*** INPUT RECORDS Section Begins ***

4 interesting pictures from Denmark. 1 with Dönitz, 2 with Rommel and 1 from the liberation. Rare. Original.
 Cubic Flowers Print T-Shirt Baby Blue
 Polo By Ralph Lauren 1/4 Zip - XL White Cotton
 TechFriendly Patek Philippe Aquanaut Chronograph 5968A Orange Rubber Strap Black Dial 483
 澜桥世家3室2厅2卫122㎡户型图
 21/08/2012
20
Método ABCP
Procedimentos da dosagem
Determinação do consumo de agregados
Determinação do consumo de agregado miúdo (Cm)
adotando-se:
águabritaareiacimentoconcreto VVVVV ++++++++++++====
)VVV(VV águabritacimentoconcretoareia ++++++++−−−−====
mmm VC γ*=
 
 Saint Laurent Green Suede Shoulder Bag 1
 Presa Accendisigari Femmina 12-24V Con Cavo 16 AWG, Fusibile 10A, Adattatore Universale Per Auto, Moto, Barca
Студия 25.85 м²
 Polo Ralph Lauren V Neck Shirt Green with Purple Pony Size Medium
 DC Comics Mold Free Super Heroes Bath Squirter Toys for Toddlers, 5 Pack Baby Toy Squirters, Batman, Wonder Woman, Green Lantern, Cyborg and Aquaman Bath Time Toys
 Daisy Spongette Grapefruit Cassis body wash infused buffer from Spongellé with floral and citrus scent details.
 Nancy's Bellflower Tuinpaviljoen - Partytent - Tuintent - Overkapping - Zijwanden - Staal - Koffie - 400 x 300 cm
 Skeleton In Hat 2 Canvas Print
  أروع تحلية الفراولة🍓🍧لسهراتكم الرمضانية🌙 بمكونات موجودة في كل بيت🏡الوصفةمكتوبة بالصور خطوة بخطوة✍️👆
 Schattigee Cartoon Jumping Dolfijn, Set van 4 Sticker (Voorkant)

*** INPUT RECORDS Section Ends ***

• **TASK BRIEF**
Copy out each record exactly as given, omitting none.

• **RESPONSE FOR THIS EXERCISE**
4 interesting pictures from Denmark. 1 with Dönitz, 2 with Rommel and 1 from the liberation. Rare. Original.
 Cubic Flowers Print T-Shirt Baby Blue
 Polo By Ralph Lauren 1/4 Zip - XL White Cotton
 TechFriendly Patek Philippe Aquanaut Chronograph 5968A Orange Rubber Strap Black Dial 483
 澜桥世家3室2厅2卫122㎡户型图
 21/08/2012
20
Método ABCP
Procedimentos da dosagem
Determinação do consumo de agregados
Determinação do consumo de agregado miúdo (Cm)
adotando-se:
águabritaareiacimentoconcreto VVVVV ++++++++++++====
)VVV(VV águabritacimentoconcretoareia ++++++++−−−−====
mmm VC γ*=
 
 Saint Laurent Green Suede Shoulder Bag 1
 Presa Accendisigari Femmina 12-24V Con Cavo 16 AWG, Fusibile 10A, Adattatore Universale Per Auto, Moto, Barca
Студия 25.85 м²
 Polo Ralph Lauren V Neck Shirt Green with Purple Pony Size Medium
 DC Comics Mold Free Super Heroes Bath Squirter Toys for Toddlers, 5 Pack Baby Toy Squirters, Batman, Wonder Woman, Green Lantern, Cyborg and Aquaman Bath Time Toys
 Daisy Spongette Grapefruit Cassis body wash infused buffer from Spongellé with floral and citrus scent details.
 Nancy's Bellflower Tuinpaviljoen - Partytent - Tuintent - Overkapping - Zijwanden - Staal - Koffie - 400 x 300 cm
 Skeleton In Hat 2 Canvas Print
  أروع تحلية الفراولة🍓🍧لسهراتكم الرمضانية🌙 بمكونات موجودة في كل بيت🏡الوصفةمكتوبة بالصور خطوة بخطوة✍️👆
 Schattigee Cartoon Jumping Dolfijn, Set van 4 Sticker (Voorkant)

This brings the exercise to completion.